Early Tuesday morning, President Trump attacked big tech on Twitter, calling Google “RIGGED” and accusing companies of censoring conservative voices — despite, of course, the president’s own daily use of Twitter. Being dragged (again) in the murky waters of U.S. electoral politics, however, is something that tech companies have been trying and learning with some success to navigate since the 2016 election.

More troubling is the United Nations Human Rights Council report, released on Monday, that directly implicates Facebook in the ethnic cleansing perpetrated against the Rohingya Muslims in Myanmar. That report explains, “Facebook has been a useful instrument for those seeking to spread hate, in a context where for most users Facebook is the Internet. Although improved in recent months, Facebook’s response has been slow and ineffective.” The report continues, “The extent to which Facebook posts and messages have led to real world discrimination and violence must be independently and thoroughly examined.”

For Facebook, these are serious charges.
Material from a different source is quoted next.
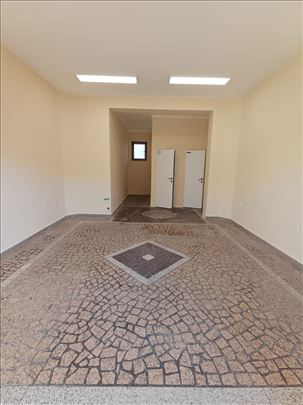 Lokal, Oslobođenja 10a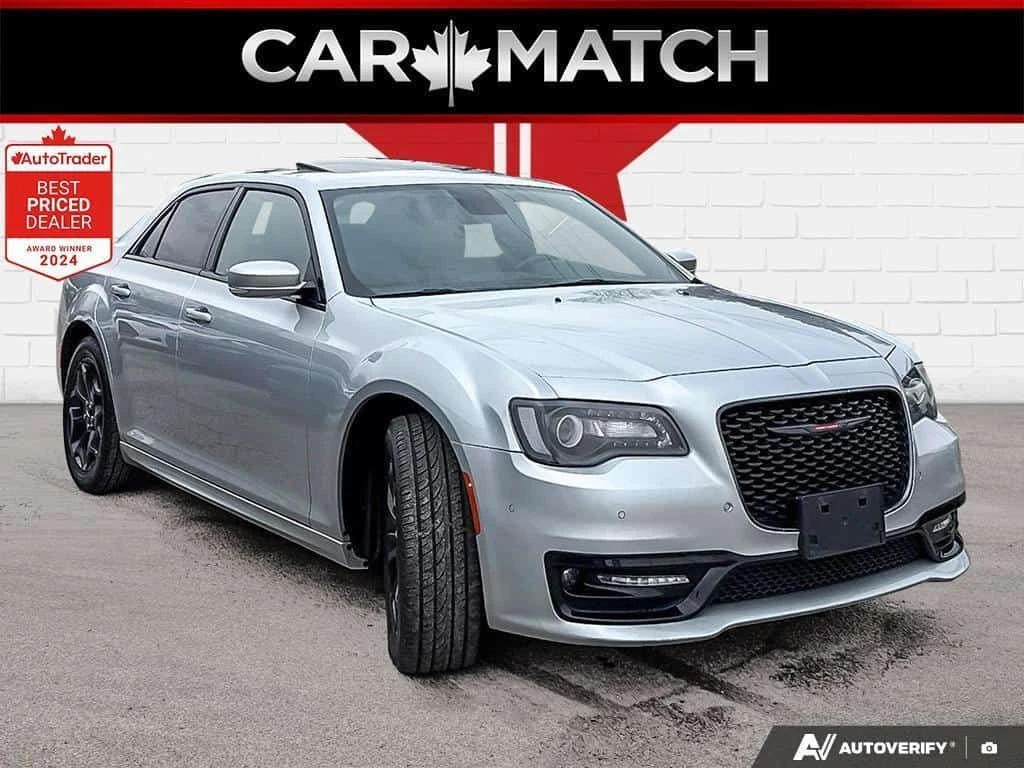 Chrysler 300c * 300S / NO ACCIDENTS / AWD / LEATHER / ROOF / NAV, снимка 4 - Автомобили и джипове - 54055535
They are also clear indicators that Facebook was unprepared for its social media platform to have contributed to genocide and was unable to quickly create a response. Now, scrambling to curtail bad press, Facebook has decided to ban the military leaders accused of perpetuating and allowing the violence.

Twitch, a video streaming service, is also facing scrutiny after it inadvertently offered viewers a livestream of the shooting at a video game tournament in Jacksonville Florida over the weekend that left three dead, including the shooter, and several injured. Twitch has since indicated that it will remove any videos of the shooting but that, of course, did not stop Internet viewers from watching the carnage play out on screens across the country.
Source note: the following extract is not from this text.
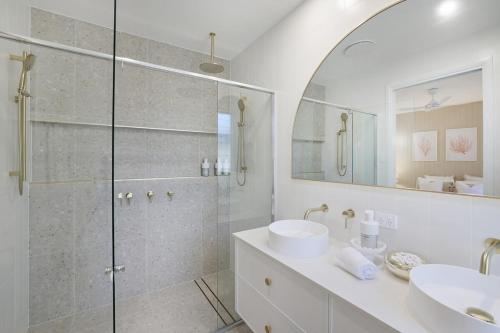 Ένα μπάνιο στο 2min walk to Esplanade - Perfect Bargara Escape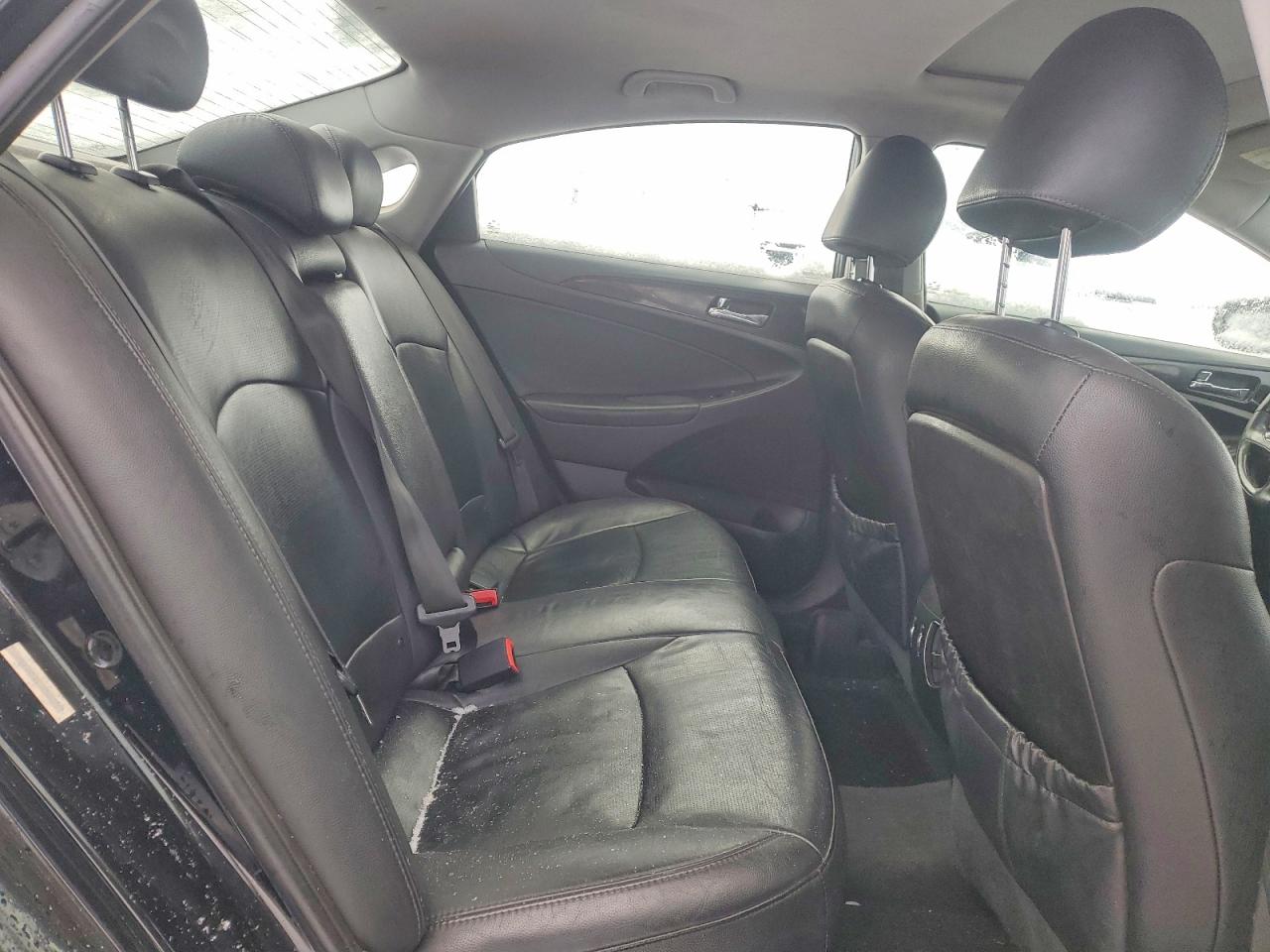 2011 HYUNDAI SONATA SE photo 10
Those criticisms also come as social media companies are coming to grips with their services being used to manipulate and attempt to manipulate electoral politics. On Tuesday morning, Twitter also revealed that it had uncovered yet more disinformation campaigns originating in Iran and aimed at spreading discord in the United States — the latest in a series in thwarted attempts caught by Twitter and Facebook in recent weeks, raising questions about what has gone unchecked in the past and how platforms have become rife with manipulative content.

Although tech companies have made efforts to respond to these incidents, for users that have come to count on these platforms, it may be too little, too late. That is bad news for the companies who depend on users for market value and to generate revenue. This should also be a lesson for rapidly developing tech companies.

To be clear, this is not to say that governments, which have even less understanding of the technology than do the companies, should regulate new and emerging industries, but that these industries need to be better prepared internally. The heady success is, as the saying goes, all fun and games until someone gets hurt.